L'exemple venant d'en haut, la réalité est ce qu'on connaît aujourd'hui, et le scénario est récurrent. C'est ainsi que de «pays à revenu intermédiaire» au 6 novembre 1982, le Cameroun compte aujourd'hui parmi les «pays pauvres très endetté» (derniers de la planète), après avoir traversé le cap de «pays les moins avancés». Si cela paraît absurde pour un pays béni de Dieu, il suffit de jeter un regard sur la manière dont cette «Afrique en miniature» est gérée pour percer le mystère.

Plus grave, le mal va grandissant. On se souvient que le Cameroun a mérité par deux fois, le trophée de champion du monde en corruption. Dans le rapport de l'année 2012 de Transparency international, le Cameroun occupe la 144ème place sur 174 au niveau mondial et la 34ème sur 48 au niveau africain. Ce qui signifie un recul de 10 places acquises ces dix dernières années. A titre de rappel, «depuis les années 1998 et 1999 où le Cameroun a été respectivement classé 85ème/85 et 99ème/99, c'est en 2011 que ce pays a enregistré son meilleur résultat depuis 15 ans, avec la 134ème place sur 182 sur un Ipc de 2.5. Dans la liste des années moins mauvaises, on peut également ajouter: 2002; 59ème/102, 2007; 138ème/180, 2008; 141ème/180, 2009; 146/180, 2010; 146/178. En dehors de la débâcle des années 98 et 99, les années 2000 (84ème/90), 2001(84ème/91), 2003 (12ème/133) et 2004(129ème/145), sont considérées comme les plus mauvaises».


30 ans de faillites politique, économique et morale

Quand on sait que dans ce royaume de la corruption, la quasi-totalité des membres du gouvernement et des sociétés d'Etat appartiennent au Rdpc, on n'a plus besoin d'un croquis pour comprendre d'où viennent les malheurs du Cameroun. Ils étaient pourtant des diplômés des grandes institutions bien reconnues, avec un cursus exemplaire pour certains, mais ils ont été embarqués dans un système, et mis au service de la médiocrité et des intérêts égoïstes. Par conséquent, ils ont désormais pour lieu de résidence, la prison, pendant que beaucoup d'autres prisonniers comme eux, sont encore en liberté. En effet, la normalisation du détournement des deniers publics et de la corruption leur a enlevé tout sens politique et moral et a occasionné la faillite des Entreprises d'Etat.
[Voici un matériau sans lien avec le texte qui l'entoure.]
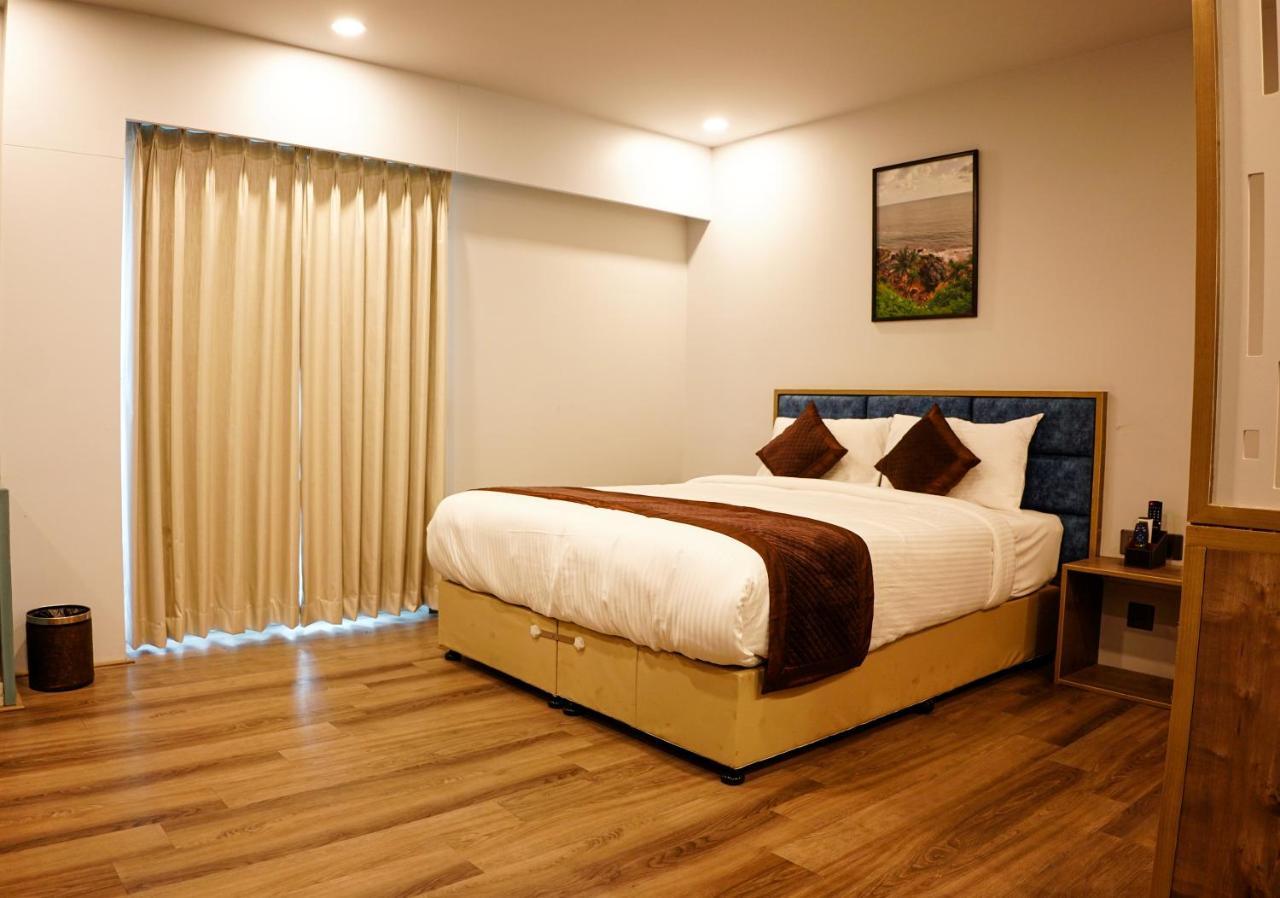 Dream Hotel - Richmond Бангалор Екстериор снимка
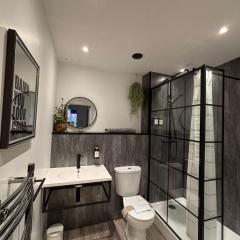 New City Centre Flat No 1 2 Bedrooms Free Parking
Comment comprendre que les fonctionnaires soient plus riches que les hommes d'affaires dans un pays, si ce n'est le fruit d'une «feymania» institutionnalisée? Le mal est si profond quand on sait que les sommes mises en causes sont hallucinantes. Sur le tard, une pléthore d'institutions spécialisées pour aller en guerre Contre la corruption a été créée: le Ministère du Contrôle supérieur de l'Etat, la Commission nationale anti-corruption (Conac), l'Agence nationale d'investigations financières(Anif), le Programme national de bonne gouvernance; les Comités ministériels d'éthique et de lutte contre la corruption; la Chambre des comptes de la Cour Suprême; les Agences sectorielles de régulation a l'instar de l'Art, l'Arsel, l'Arme, le Tribunal criminel spécial. Seulement, ce sont autant d'organes dont on ne maîtrise, ni la collaboration, ni l'interaction, seule la Présidence de la République aurait le dernier mot dans tout ce qui concerne leurs activités. Toutefois, les analystes estiment que la première guerre contre ces fléaux devrait commencer par la mise en œuvre de l'application de l'article 66 de la constitution de 1996. Cela fait 17 ans qu'on attend.

Maintenant qu'il est clair que «rigueur» et «moralisation» ne sont plus que des sobriquets sous l'ère Biya, il y a lieu de se demander si le «Renouveau national» existe encore. En tout cas, ce serait faire preuve de provocation et de beaucoup de courage que de prononcer encore un tel slogan qui a servi à appâter un peuple qu'on a cocufié par la suite.